__Task directions__.
The material below holds a span beginning at the line with "رسالة من مجلس" and ending at the line with "Monster ft. Yung Kyng | Boomplay Music". Quote that span exactly, both ends included, and only that span.
Top of Data to use
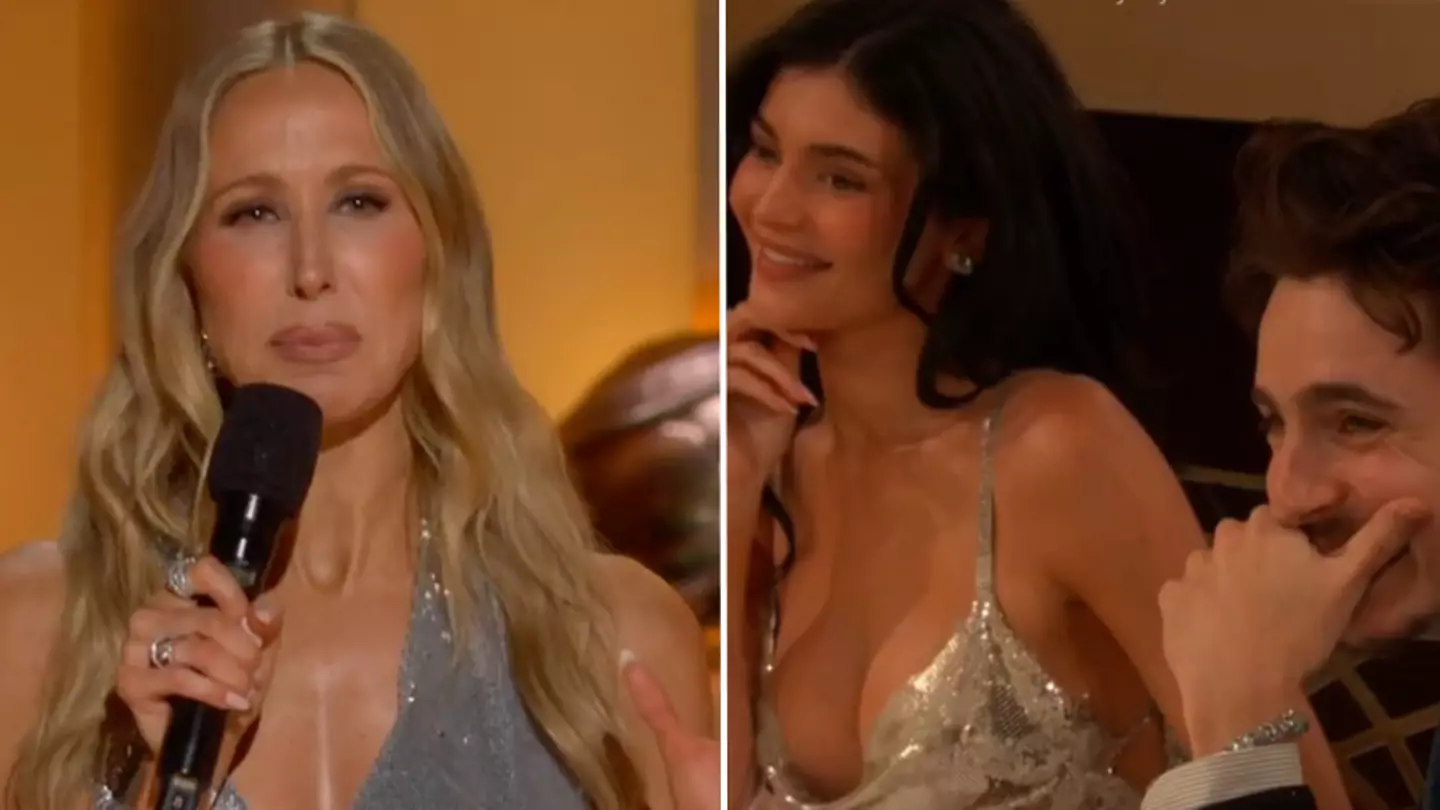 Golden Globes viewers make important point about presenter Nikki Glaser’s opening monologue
Bottom of Data to use
Top of Data to use
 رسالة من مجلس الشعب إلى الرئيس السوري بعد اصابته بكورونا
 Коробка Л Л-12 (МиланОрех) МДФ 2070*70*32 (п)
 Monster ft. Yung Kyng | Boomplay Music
Bottom of Data to use
__The completed task__.
 رسالة من مجلس الشعب إلى الرئيس السوري بعد اصابته بكورونا
 Коробка Л Л-12 (МиланОрех) МДФ 2070*70*32 (п)
 Monster ft. Yung Kyng | Boomplay Music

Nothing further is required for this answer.